Jason Aldean singles chronology
| "The Truth" (2009) | "Crazy Town" (2010) | "My Kinda Party" (2010) |

= Crazy Town (song) =

"Crazy Town" is a song written by Brett Jones and Rodney Clawson and recorded by American country music artist Jason Aldean. It was released in March 2010 as the fourth and final single from Aldean's 2009 album Wide Open. It has become his tenth consecutive Top 20 hit on the US Billboard Hot Country Songs chart with a peak at number 2, behind Miranda Lambert's "The House That Built Me". It is also Aldean's first single to not have an accompanying music video.

==Content==
"Crazy Town" is an up-tempo country rock song in which the narrator describes the Nashville music scene as being a "crazy town."

==Critical reception==
Matt Bjorke of Roughstock stated the song "accents Aldean's voice a bit allowing him to hide the nasal sound that sometimes pops up." Blake Boldt of Engine 145 gave it a "thumbs-down," summarizing his review by saying "'Crazy' is all power and no purpose."

==Appearances in media==
New York Yankees outfielder Brett Gardner uses the song as his walk-up theme.
Atlanta Braves relief pitcher Jonny Venters comes out to pitch with this song.
The Nashville Predators also use the song at their home games in a pregame video. The song was also used by the Predators during their walkout at the 2020 NHL Winter Classic.
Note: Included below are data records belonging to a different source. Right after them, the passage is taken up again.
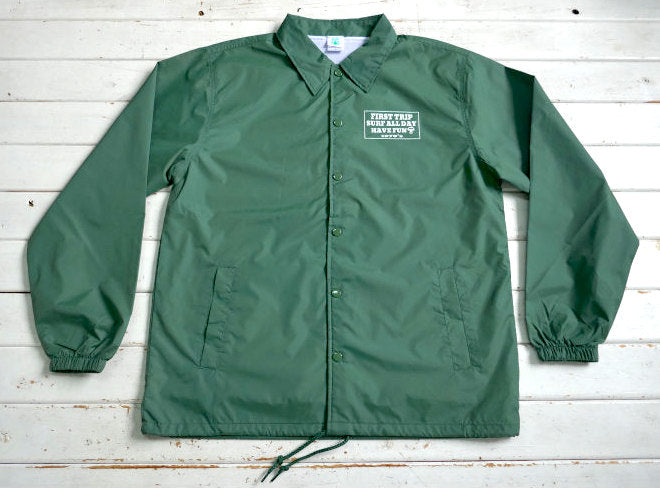 First Trip Surf All Day ファーストトリップ カレッジロゴ コーチジャケット フォレストグリーン オリジナル   裏地付 Lサイズ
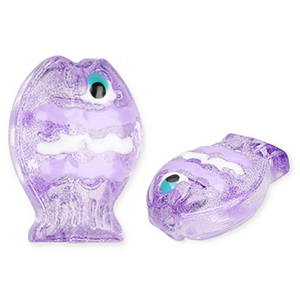 Perline di vetro a mano pesce viola pervinca trasparente-bianco-nero-ciano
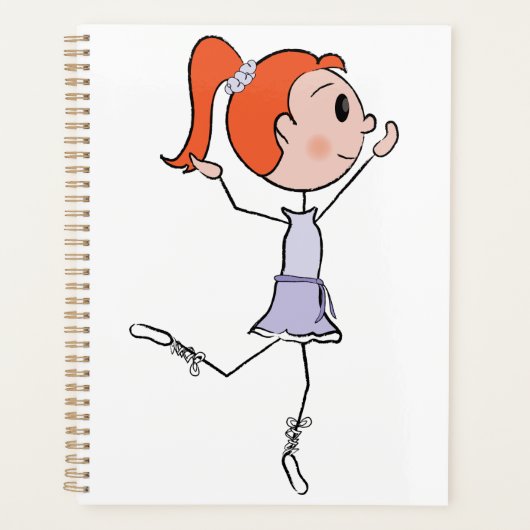 Dancing Princess Schattigee Ballerina Stick Figuur Planner (Voorkant)
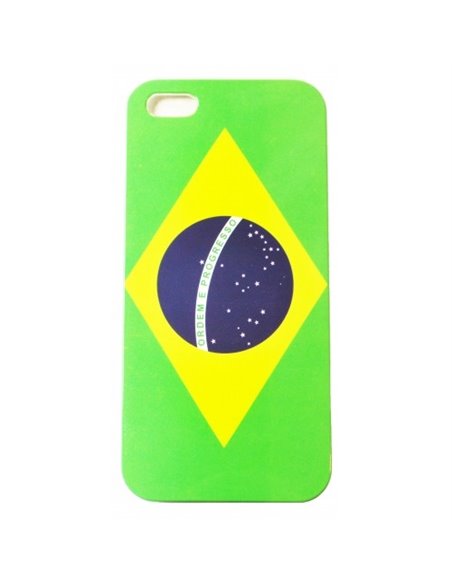 CUSTODIA per APPLE IPHONE SE, IPHONE 5S, IPHONE 5 - BACK RIGIDA FANTASIA BANDIERA BRASILE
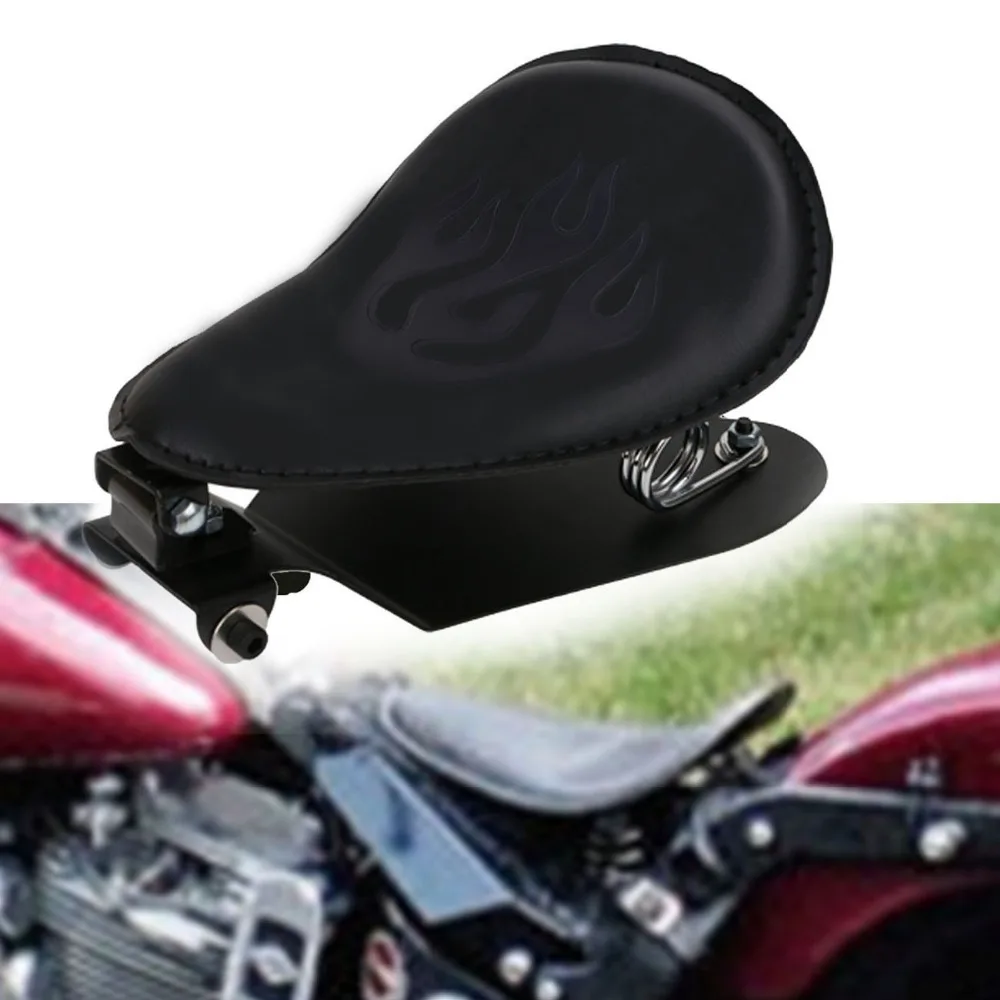 1Set Motorcycle Black Flame Solo Driver Seat & 3" Spring Base Mount Kit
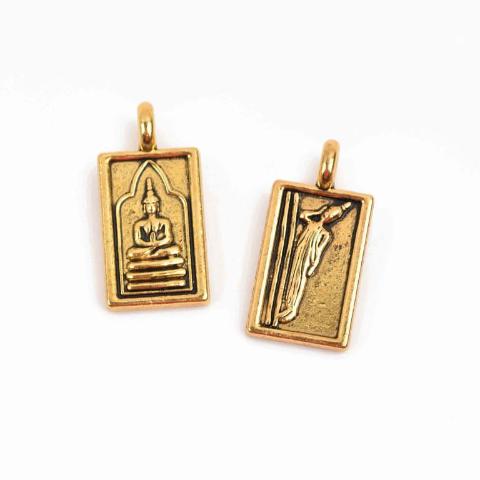 4 THAI BUDDHA charm pendants, antiqued gold metal, rectangle religious icon relic charm, double sided, 26x13mm, chs2907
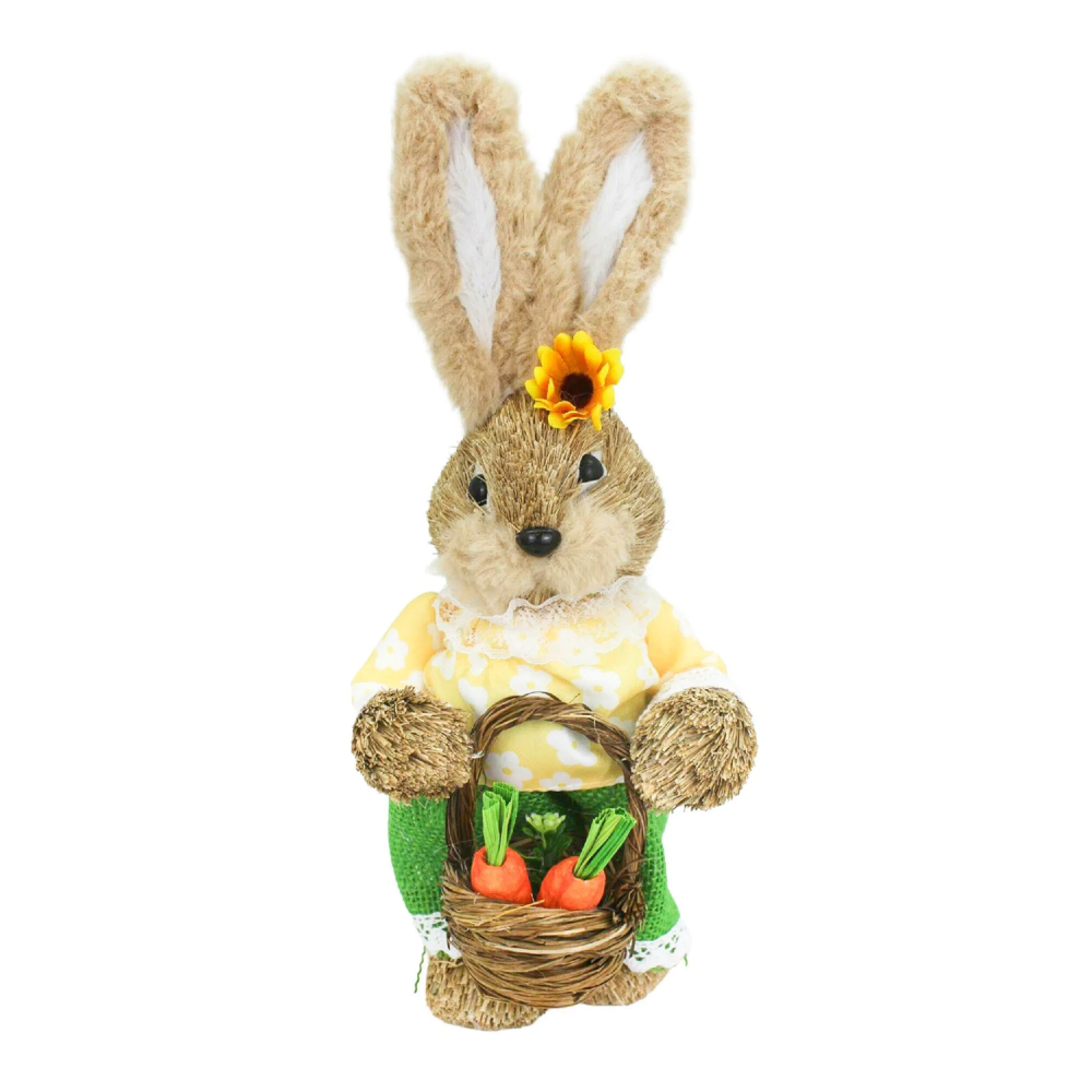 Easter bunny with carrot girl green 33cm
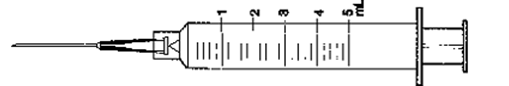 Indicate the requested dose with a line through the calibration on the syringe. -4.8 mL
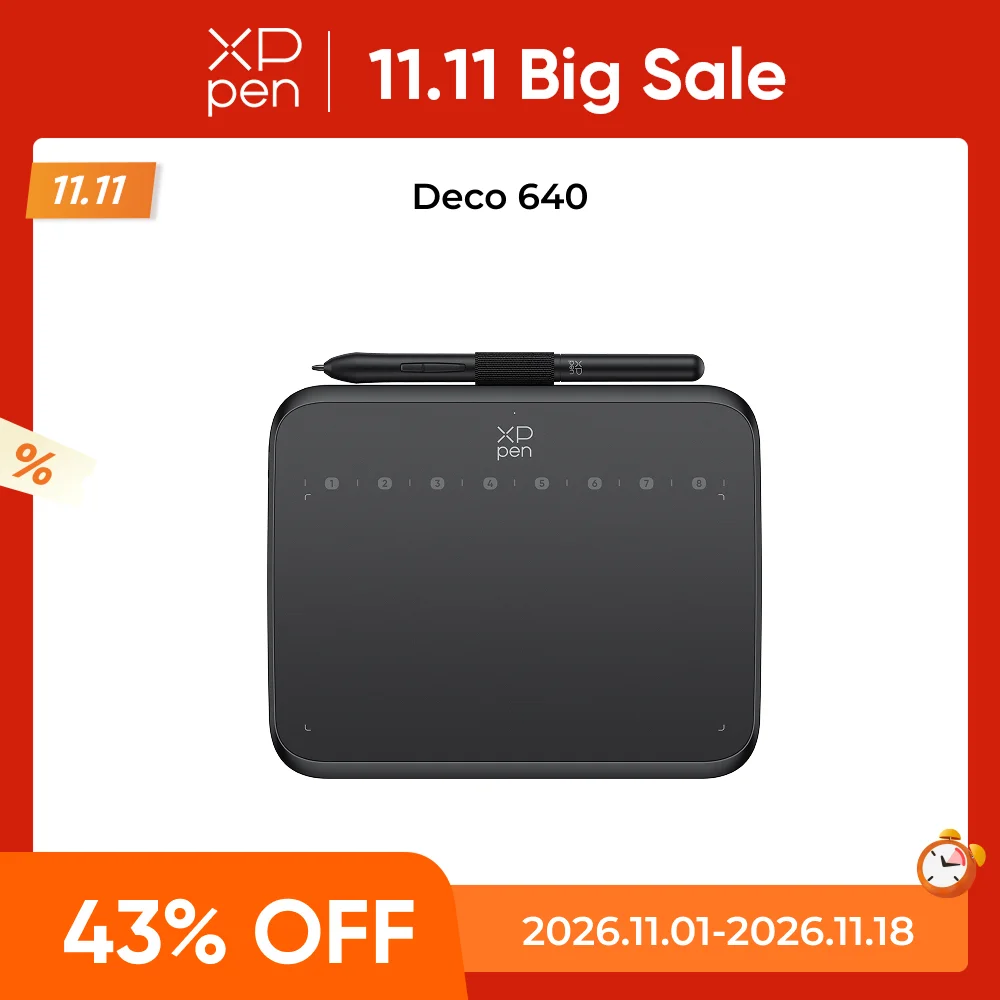 XPPen Deco 640 그래픽 태블릿 16K 압력 레벨 16x9cm 드로잉 영역 8개 키 60도 틸트 지원 OSU 게임 안드로이드 윈도우 맥 호환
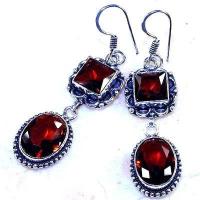 Gr 0645c boucles pendant oreilles grenat achat vente bijou esoterique argent 925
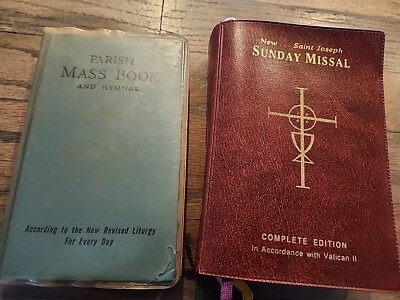 LOT  St. Joseph Sunday Missal 1999 Red Leather & 1966 Parish Mass Book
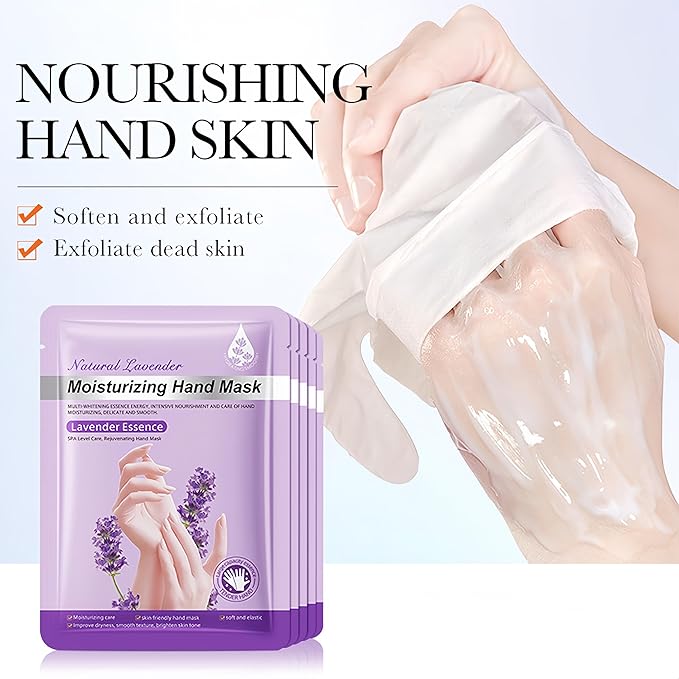 Moisturizing Hand Mask Gloves 9 Pairs, Hydrating Hand Masks for Dry Cracked Hands, Exfoliating Hand Peel Mask, Nourishing Hand Treatment Gloves for Women & Men
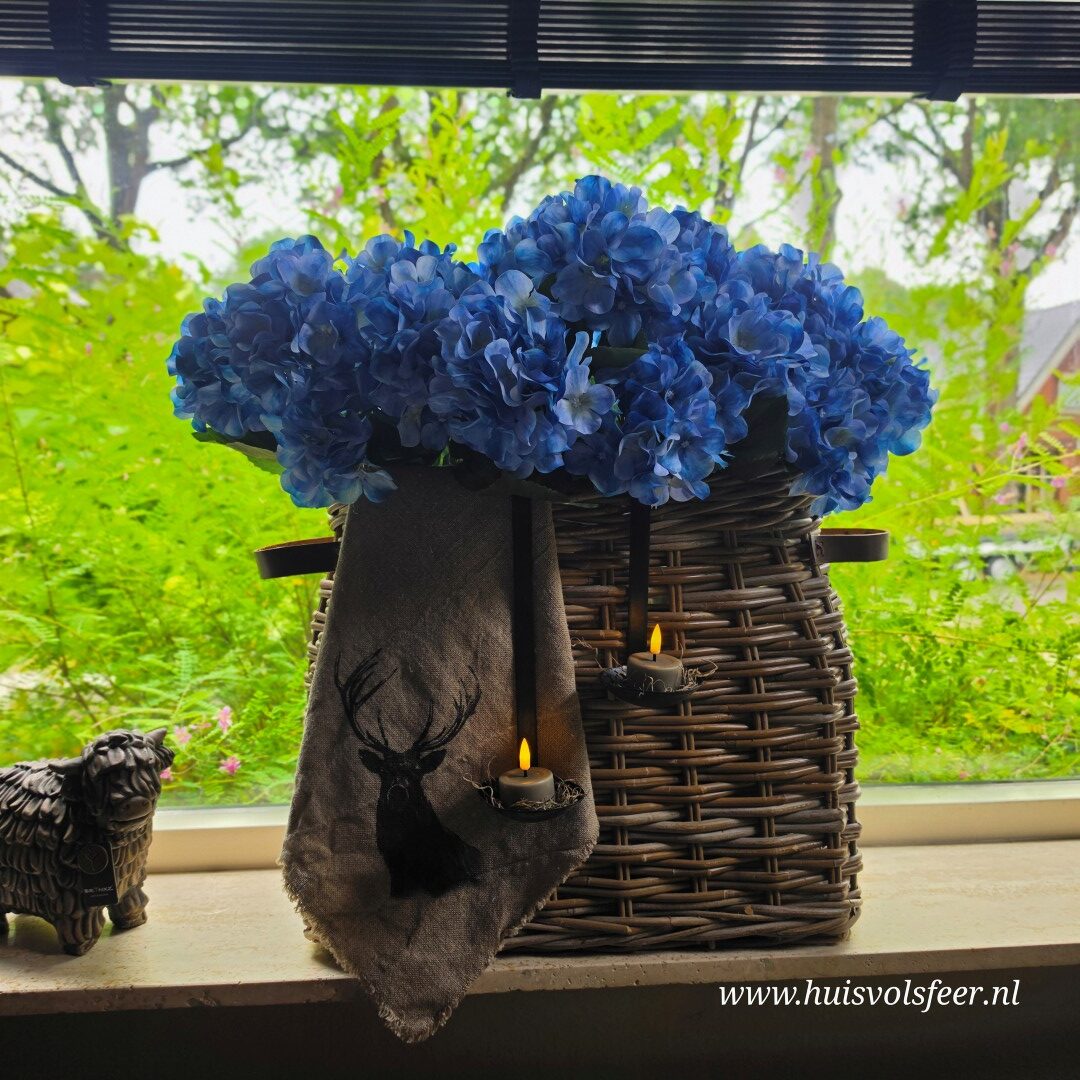 Hortensia Bush Blauw- 57 cm || Luxe Zijdeboemen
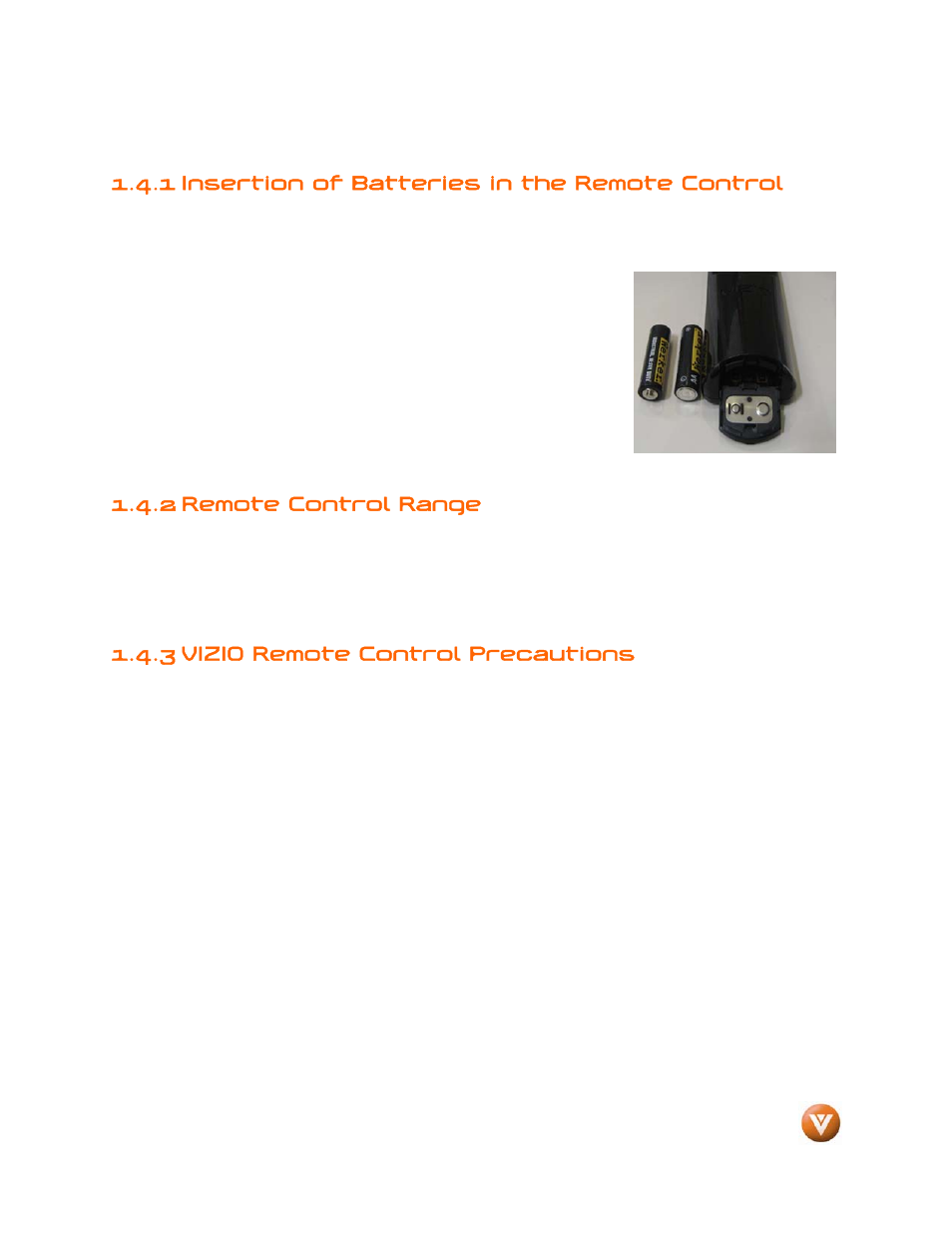 1 insertion of batteries in the remote control, 2 remote control range, 3 vizio remote control precautions | Weider LCD VW46L User Manual | Page 12 / 75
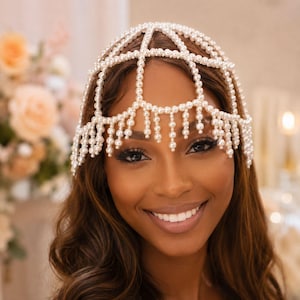 Beaded Fringe Headpiece in Pink and Gold 1920s Style FULLY Beaded Gold Fringe FLAPPER Head Cap Skull  main image 3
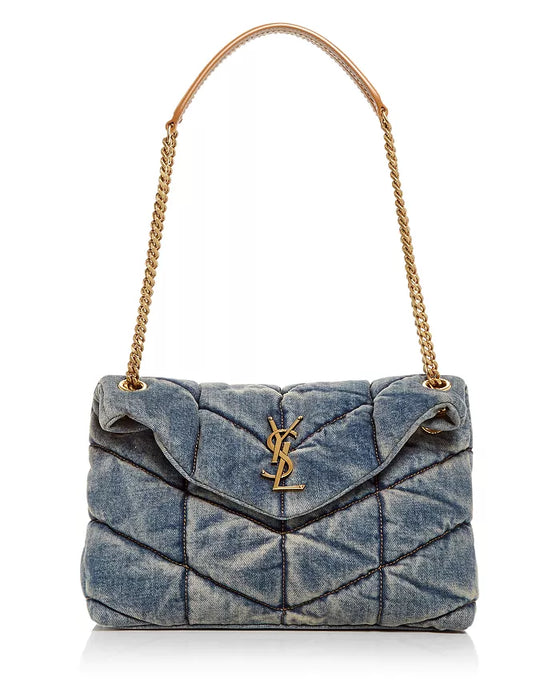 Saint Laurent Puffer Small Chain bag in Quilted Vintage Denim and Suede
The song was also an official theme for WWE SummerSlam 2022

==Chart performance==
On the week ending March 6, 2010, "Crazy Town" debuted at number 49 on the U.S. Billboard Hot Country Songs chart and moved up the following week to 36. It debuted at 96 on the Canadian Hot 100 for the week of June 18, 2010.

| Chart (2010) | Peak position |
|---|---|
| Canada Country (Billboard) | 3 |
| Canada Hot 100 (Billboard) | 85 |
| US Billboard Hot 100 | 51 |
| US Hot Country Songs (Billboard) | 2 |

===Year-end charts===

| Chart (2010) | Position |
|---|---|
| US Country Songs (Billboard) | 16 |

===Certifications===

| Region | Certification | Certified units/sales |
| United States (RIAA) | Gold | 500,000^{‡} |
^{‡} Sales+streaming figures based on certification alone.